## [Items from a dataset]

────────

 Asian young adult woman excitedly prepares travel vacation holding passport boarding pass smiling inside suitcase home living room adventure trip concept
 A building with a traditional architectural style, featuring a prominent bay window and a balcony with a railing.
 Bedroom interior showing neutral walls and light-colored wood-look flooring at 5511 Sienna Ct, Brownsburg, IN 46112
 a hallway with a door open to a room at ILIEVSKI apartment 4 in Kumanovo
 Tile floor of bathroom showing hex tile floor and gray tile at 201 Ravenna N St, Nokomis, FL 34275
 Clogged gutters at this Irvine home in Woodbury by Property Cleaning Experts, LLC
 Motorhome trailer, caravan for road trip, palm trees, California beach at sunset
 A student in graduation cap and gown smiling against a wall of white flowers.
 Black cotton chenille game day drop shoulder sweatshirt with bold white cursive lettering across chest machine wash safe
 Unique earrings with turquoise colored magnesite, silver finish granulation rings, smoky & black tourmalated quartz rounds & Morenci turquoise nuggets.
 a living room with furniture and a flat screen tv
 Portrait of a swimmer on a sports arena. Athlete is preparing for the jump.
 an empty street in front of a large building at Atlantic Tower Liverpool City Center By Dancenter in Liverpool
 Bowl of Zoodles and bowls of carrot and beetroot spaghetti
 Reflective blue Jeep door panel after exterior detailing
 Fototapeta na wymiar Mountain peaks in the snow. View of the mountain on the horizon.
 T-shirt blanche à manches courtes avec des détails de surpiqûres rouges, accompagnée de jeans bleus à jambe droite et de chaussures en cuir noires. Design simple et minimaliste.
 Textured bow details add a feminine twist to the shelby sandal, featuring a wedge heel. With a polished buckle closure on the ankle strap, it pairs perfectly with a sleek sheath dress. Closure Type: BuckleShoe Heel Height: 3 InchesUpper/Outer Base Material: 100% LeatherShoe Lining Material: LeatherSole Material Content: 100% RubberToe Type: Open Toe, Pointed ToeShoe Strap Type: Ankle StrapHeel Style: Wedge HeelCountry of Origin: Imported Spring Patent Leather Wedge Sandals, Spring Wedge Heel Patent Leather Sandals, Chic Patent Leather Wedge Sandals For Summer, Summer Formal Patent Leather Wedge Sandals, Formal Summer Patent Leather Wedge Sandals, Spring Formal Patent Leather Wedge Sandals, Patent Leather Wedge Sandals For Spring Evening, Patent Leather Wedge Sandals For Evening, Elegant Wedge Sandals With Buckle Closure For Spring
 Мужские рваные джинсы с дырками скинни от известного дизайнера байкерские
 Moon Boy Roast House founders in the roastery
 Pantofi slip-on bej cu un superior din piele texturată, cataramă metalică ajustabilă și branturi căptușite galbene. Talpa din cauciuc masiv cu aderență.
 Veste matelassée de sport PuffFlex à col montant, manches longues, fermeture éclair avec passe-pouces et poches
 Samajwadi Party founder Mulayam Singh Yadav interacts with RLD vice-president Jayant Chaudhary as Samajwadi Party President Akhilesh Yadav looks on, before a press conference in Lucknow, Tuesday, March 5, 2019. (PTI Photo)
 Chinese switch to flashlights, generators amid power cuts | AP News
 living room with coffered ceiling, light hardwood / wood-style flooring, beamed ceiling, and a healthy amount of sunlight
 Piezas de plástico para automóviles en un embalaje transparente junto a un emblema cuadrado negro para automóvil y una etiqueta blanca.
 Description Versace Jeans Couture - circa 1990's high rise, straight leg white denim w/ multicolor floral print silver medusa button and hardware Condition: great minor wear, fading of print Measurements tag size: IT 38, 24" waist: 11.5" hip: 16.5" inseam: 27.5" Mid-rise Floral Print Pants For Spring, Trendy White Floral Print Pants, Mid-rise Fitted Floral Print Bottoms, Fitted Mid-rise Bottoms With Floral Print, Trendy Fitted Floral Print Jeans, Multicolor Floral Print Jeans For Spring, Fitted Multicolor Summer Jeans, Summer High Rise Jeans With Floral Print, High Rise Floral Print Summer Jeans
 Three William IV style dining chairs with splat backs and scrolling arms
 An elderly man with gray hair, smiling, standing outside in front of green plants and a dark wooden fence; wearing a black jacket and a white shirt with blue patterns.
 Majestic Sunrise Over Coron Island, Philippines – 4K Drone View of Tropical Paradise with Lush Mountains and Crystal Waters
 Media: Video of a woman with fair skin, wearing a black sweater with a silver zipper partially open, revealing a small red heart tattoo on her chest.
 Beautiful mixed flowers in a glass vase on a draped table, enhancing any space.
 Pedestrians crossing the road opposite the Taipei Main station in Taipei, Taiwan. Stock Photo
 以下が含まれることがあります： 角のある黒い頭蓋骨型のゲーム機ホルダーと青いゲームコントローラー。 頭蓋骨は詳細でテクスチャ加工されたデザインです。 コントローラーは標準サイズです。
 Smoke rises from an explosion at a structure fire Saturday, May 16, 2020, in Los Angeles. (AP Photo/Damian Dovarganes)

────────

## [WORK ITEM]
Without altering a single word, reproduce the entries above.

## [RESPONSE BOX]
 Asian young adult woman excitedly prepares travel vacation holding passport boarding pass smiling inside suitcase home living room adventure trip concept
 A building with a traditional architectural style, featuring a prominent bay window and a balcony with a railing.
 Bedroom interior showing neutral walls and light-colored wood-look flooring at 5511 Sienna Ct, Brownsburg, IN 46112
 a hallway with a door open to a room at ILIEVSKI apartment 4 in Kumanovo
 Tile floor of bathroom showing hex tile floor and gray tile at 201 Ravenna N St, Nokomis, FL 34275
 Clogged gutters at this Irvine home in Woodbury by Property Cleaning Experts, LLC
 Motorhome trailer, caravan for road trip, palm trees, California beach at sunset
 A student in graduation cap and gown smiling against a wall of white flowers.
 Black cotton chenille game day drop shoulder sweatshirt with bold white cursive lettering across chest machine wash safe
 Unique earrings with turquoise colored magnesite, silver finish granulation rings, smoky & black tourmalated quartz rounds & Morenci turquoise nuggets.
 a living room with furniture and a flat screen tv
 Portrait of a swimmer on a sports arena. Athlete is preparing for the jump.
 an empty street in front of a large building at Atlantic Tower Liverpool City Center By Dancenter in Liverpool
 Bowl of Zoodles and bowls of carrot and beetroot spaghetti
 Reflective blue Jeep door panel after exterior detailing
 Fototapeta na wymiar Mountain peaks in the snow. View of the mountain on the horizon.
 T-shirt blanche à manches courtes avec des détails de surpiqûres rouges, accompagnée de jeans bleus à jambe droite et de chaussures en cuir noires. Design simple et minimaliste.
 Textured bow details add a feminine twist to the shelby sandal, featuring a wedge heel. With a polished buckle closure on the ankle strap, it pairs perfectly with a sleek sheath dress. Closure Type: BuckleShoe Heel Height: 3 InchesUpper/Outer Base Material: 100% LeatherShoe Lining Material: LeatherSole Material Content: 100% RubberToe Type: Open Toe, Pointed ToeShoe Strap Type: Ankle StrapHeel Style: Wedge HeelCountry of Origin: Imported Spring Patent Leather Wedge Sandals, Spring Wedge Heel Patent Leather Sandals, Chic Patent Leather Wedge Sandals For Summer, Summer Formal Patent Leather Wedge Sandals, Formal Summer Patent Leather Wedge Sandals, Spring Formal Patent Leather Wedge Sandals, Patent Leather Wedge Sandals For Spring Evening, Patent Leather Wedge Sandals For Evening, Elegant Wedge Sandals With Buckle Closure For Spring
 Мужские рваные джинсы с дырками скинни от известного дизайнера байкерские
 Moon Boy Roast House founders in the roastery
 Pantofi slip-on bej cu un superior din piele texturată, cataramă metalică ajustabilă și branturi căptușite galbene. Talpa din cauciuc masiv cu aderență.
 Veste matelassée de sport PuffFlex à col montant, manches longues, fermeture éclair avec passe-pouces et poches
 Samajwadi Party founder Mulayam Singh Yadav interacts with RLD vice-president Jayant Chaudhary as Samajwadi Party President Akhilesh Yadav looks on, before a press conference in Lucknow, Tuesday, March 5, 2019. (PTI Photo)
 Chinese switch to flashlights, generators amid power cuts | AP News
 living room with coffered ceiling, light hardwood / wood-style flooring, beamed ceiling, and a healthy amount of sunlight
 Piezas de plástico para automóviles en un embalaje transparente junto a un emblema cuadrado negro para automóvil y una etiqueta blanca.
 Description Versace Jeans Couture - circa 1990's high rise, straight leg white denim w/ multicolor floral print silver medusa button and hardware Condition: great minor wear, fading of print Measurements tag size: IT 38, 24" waist: 11.5" hip: 16.5" inseam: 27.5" Mid-rise Floral Print Pants For Spring, Trendy White Floral Print Pants, Mid-rise Fitted Floral Print Bottoms, Fitted Mid-rise Bottoms With Floral Print, Trendy Fitted Floral Print Jeans, Multicolor Floral Print Jeans For Spring, Fitted Multicolor Summer Jeans, Summer High Rise Jeans With Floral Print, High Rise Floral Print Summer Jeans
 Three William IV style dining chairs with splat backs and scrolling arms
 An elderly man with gray hair, smiling, standing outside in front of green plants and a dark wooden fence; wearing a black jacket and a white shirt with blue patterns.
 Majestic Sunrise Over Coron Island, Philippines – 4K Drone View of Tropical Paradise with Lush Mountains and Crystal Waters
 Media: Video of a woman with fair skin, wearing a black sweater with a silver zipper partially open, revealing a small red heart tattoo on her chest.
 Beautiful mixed flowers in a glass vase on a draped table, enhancing any space.
 Pedestrians crossing the road opposite the Taipei Main station in Taipei, Taiwan. Stock Photo
 以下が含まれることがあります： 角のある黒い頭蓋骨型のゲーム機ホルダーと青いゲームコントローラー。 頭蓋骨は詳細でテクスチャ加工されたデザインです。 コントローラーは標準サイズです。
 Smoke rises from an explosion at a structure fire Saturday, May 16, 2020, in Los Angeles. (AP Photo/Damian Dovarganes)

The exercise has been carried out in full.